Ser un pueblo ocupado a estas alturas de la historia representa la máxima expresión del absolutismo y la intolerancia. Este es el caso de Palestina y la historia de sus últimos 40 años. En la región denominada Palestina, previamente convivían árabes y cristianos en una armonía controlada por el respeto y la tolerancia. La decisión de la Organización de las Naciones Unidas (ONU) en 1948, en el periodo de secuelas de la Segunda Guerra Mundial, cambió el rumbo y la historia de esa Palestina.
La creación de un Estado Israelí asentado en el territorio Palestino, y su reconocimiento ante la ONU, definió nuevas fronteras políticas. Dichas fronteras fueron creadas a raíz de las decisiones orilladas por la vergüenza y el arrepentimiento internacional hacia el pueblo judío. Eso significó, que a un grupo de interés concreto se le otorgó, por decisión internacional, un territorio que pertenecía a otros pueblos.
Aunque dicha decisión sonaba legítima en algún momento de nuestra historia, hoy no tiene manera de ser interpretada como una decisión de paz, emanada de un órgano internacional cuya misión central es precisamente la paz internacional. En vista del conflicto ocasionado, las vidas que ha costado, y el alto costo para solucionarlo, no nos queda otra salida más que empezar a transitar por el camino de la justicia y la acción internacional.
Palestina estaba en los mapas; tenía archivos históricos de los pueblos asentados en esas regiones, de las culturas árabes y sus propiedades. Gozó de gobernantes poderosos y del legado de sus acciones. De las riquezas del pueblo y la edificación de sus monumentos. Palestina no se extinguió; lo que desapareció fueron sus territorios, sus archivos, sus centros culturales, su riqueza, su arquitectura y sus arquitectos.
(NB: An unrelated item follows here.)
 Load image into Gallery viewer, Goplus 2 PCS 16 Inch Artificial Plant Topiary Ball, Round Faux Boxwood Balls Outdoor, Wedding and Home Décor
Quizás, los gobernantes de Israel, pensaron que con alianzas estratégicas, la ocupación, el desarrollo de asentamientos y el fortalecimiento de su ejército, lograrían controlar la zona. El extremismo suena ante estas acciones como una reacción casi obvia. Tan obvio como para las madres de los soldados palestinos resulta procrear más soldados para continuar la resistencia. Tan obvio como para los israelíes es defenderse con toda su fuerza.
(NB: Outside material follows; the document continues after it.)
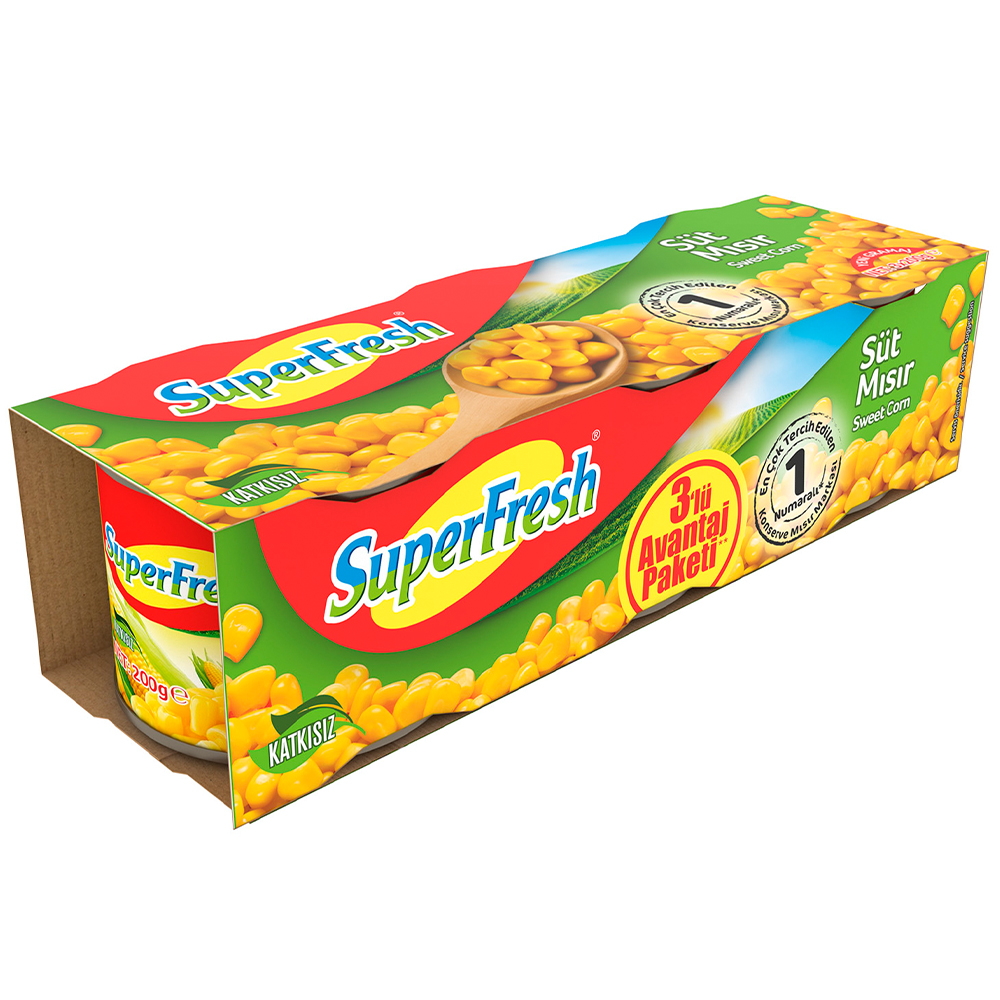 SUPERFRESH SÜT MISIR 3 LÜ AVANTAJ PAKETİ 3X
Lo cierto es que nadie, durante los últimos cuarenta años, en Naciones Unidas, ha logrado solucionar y llevar paz a la zona; por el contrario, han permitido que empeore y se haga más complejo el problema. Israel no puede ser un Estado democrático mientras ocupe territorios Palestinos. El apoyo de los países a la propuesta Israelí de continuar con su plan de ocupación es equiparable al apoyo que le dieron a Gadafi o cualquiera de los ahora despreciables de la primavera árabe.
Estados Unidos e Israel, al imponer sus intereses privados, buscan acabar con el endeble prestigio de la ONU y llevársela entre las piernas. Obama para buscar su reelección y Netanyahu por cumplir con una política zeoinista alejada de los principios democráticos y de la paz.
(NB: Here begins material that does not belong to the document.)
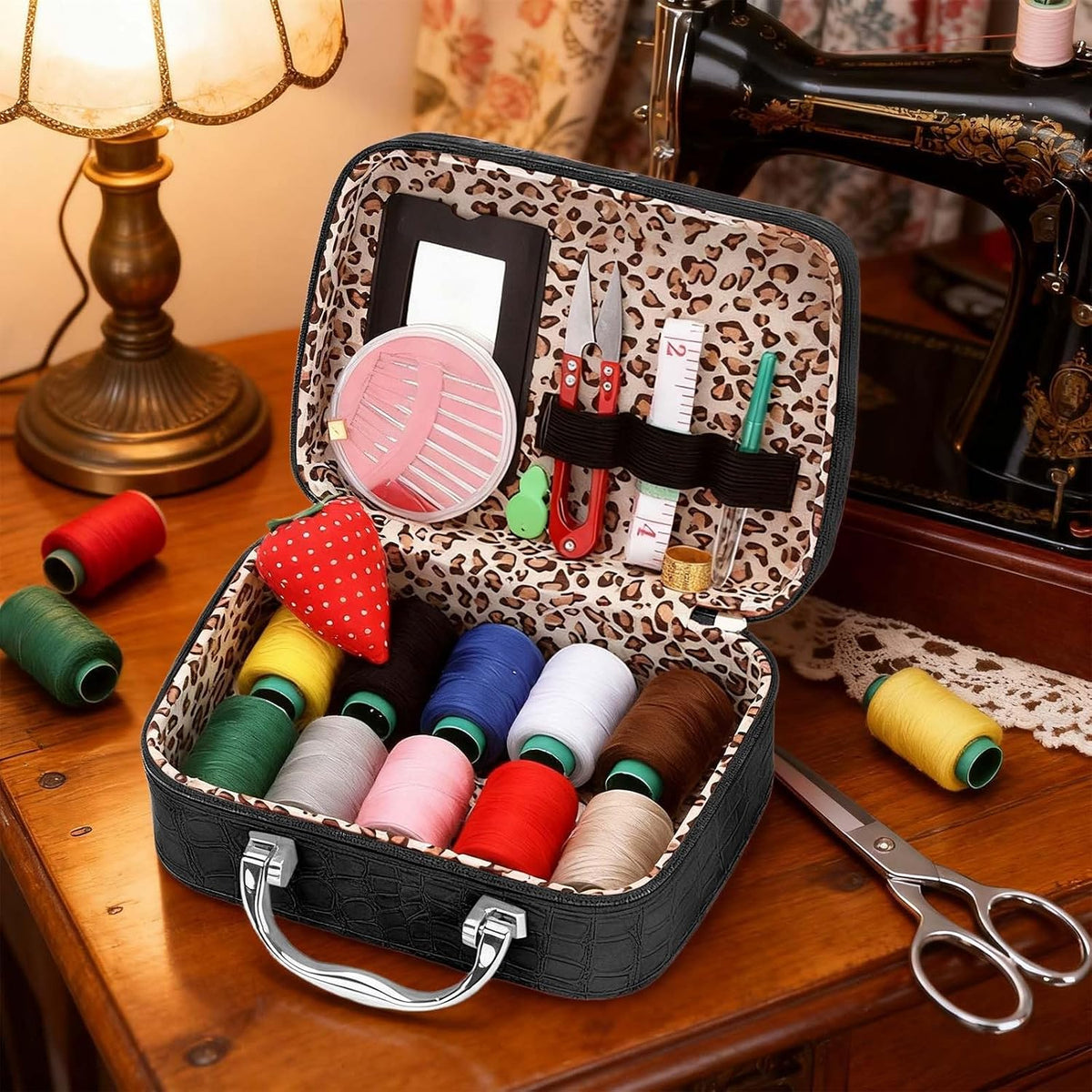 KELINFONG Sewing Kit for Adults, Needle and Thread Kit with Measure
Ante la petición de reconocimiento de Palestina como un Estado ante la ONU, se abre quizás la única posibilidad que pudiera haber para actuar con responsabilidad y reconocer el único Estado que le faltó reconocer hace cuarenta años. Pero también de hacer valer su propia palabra para promover la paz a través de los acuerdos de Oslo del 67.
Los actuales miembros del Consejo de Seguridad, entre ellos dos latinoamericanos Brasil y Colombia, deben de resguardar la autoridad de la ONU, su prestigio y credibilidad. México tiene que tomar una posición en su responsabilidad como miembro de la ONU y promotor de paz.
Los Palestinos dejaron de creer en la ONU desde hace muchos años; no se puede desperdiciar la única oportunidad para reafirmar la legitimidad en la labor de paz internacional. La misión de paz que hoy enfrenta la ONU, es quizás su mayor desafío de responsabilidad.